And when the line to be recognized has to be isolated first, the problem only gets worse! Pen scanners only read a single line at a time; when several lines occur in the scanned image, the one that is most central gets recognized and the other lines get discarded. This technique is called “central line tracking”.
Drop letters also render line segmentation more difficult. “Drop letters”, also called “drop caps” or “initials”, are large capital letters that cover several lines of text. They’re used to emphasize the beginning of a paragraph or section.
Some typographists distinguish “drop caps” and “raised caps”. “Raised caps” are also paragraph-initial capital letters set in a large point size. The difference with “drop letters” is that they’re aligned with the base line of the first line of the paragraph. Which means they do not cover several lines of text: no line segmentation issues here!
A historic note: using larger capitals to add emphasis at the start of a new section is by no means a new idea! The old manuscripts already had a sophisticated culture of “versal” letters. In medieval manuscripts, exquisite, detailed pictures of people (“anthropomorphic versals”), animals (“zoomorphic versals”) or a combination of both (“grotesque versals”) were added to embellish the letter shape. In other cases, no less than golden leaves were used to fill out these decorative letters!
Versal initial letters are often called “Lombardics” after the place of their appearance in the 11th century: Lombardy, a region in Northern Italy.
When these introductory letters contained elaborate decorative patterns, but not figures of people or animals, they were called “cadels”. (The term “cadel” was derived from “cadeau”, the French word for “gift”, “present”.) Here are some French examples from the early 15th century, which is when and where these cadels came from…

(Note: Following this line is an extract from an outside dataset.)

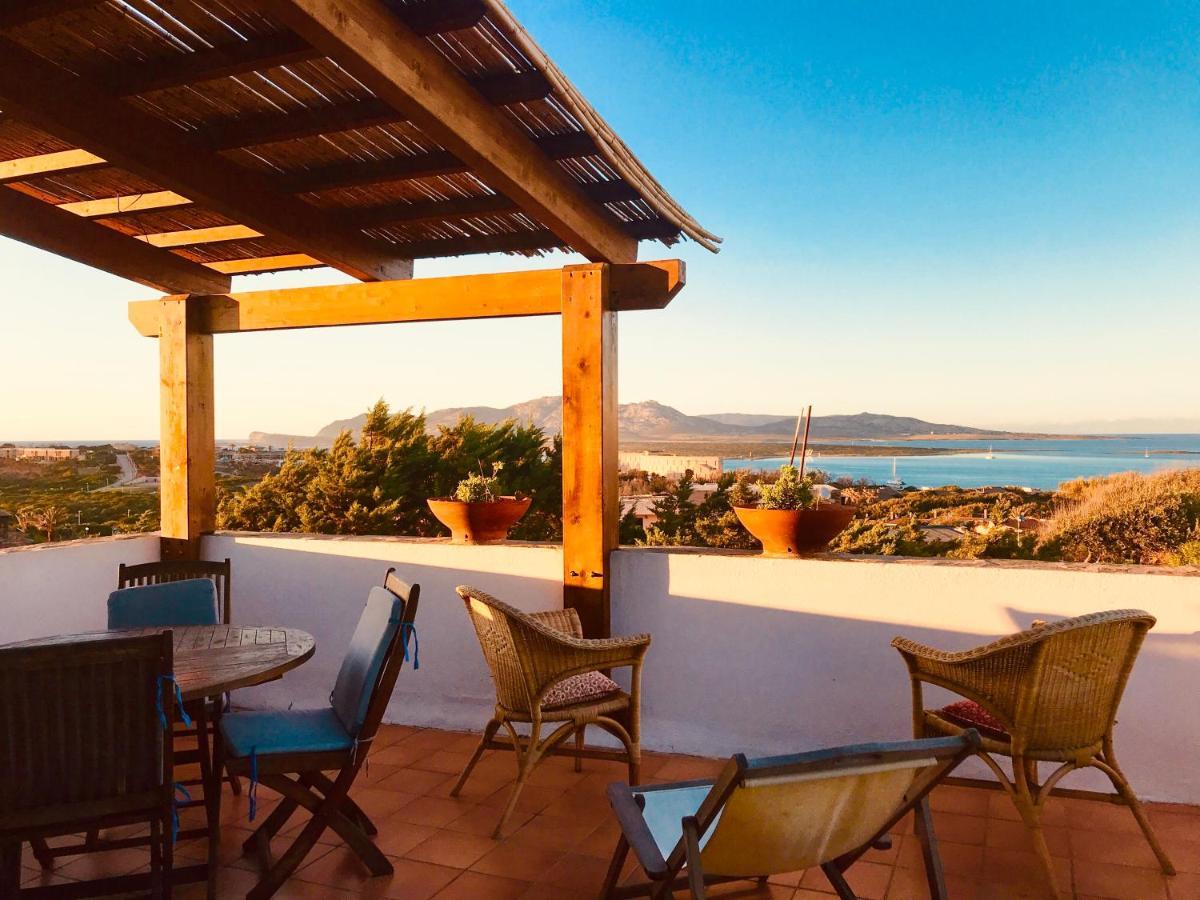 Appartamento Vista Mare - Amazing Sea View Apartment Stintino Eksteriør bilde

Cadels were black-and-white patterns: when printing presses replaced manuscripts, color was out of the question! But punchcutters could and did continue the tradition of cadels with single-color, black patterned drop letters.
(The word “punchcutter” may require some explanation. A “punch” is a metal tool which is the source for a block of type. When “punched” against a piece of hot metal, the convex carving of a letter on the punch leaves the impression of that letter on the paper. The “punchcutter” is the “sculptor” that creates these metal shapes that can be printed. Now, imagine having to carve out the “L” cadel above in a metal block…!)
Back to the present. Drop letters get recognized — provided they aren’t bigger than 72 point, that is! Some OCR software even recognizes inverted drop caps…
Japanese and Chinese documents require specific segmentation routines: the text flow is vertical, not horizontal. (Notice the Chinese drop letter in the upper right corner!)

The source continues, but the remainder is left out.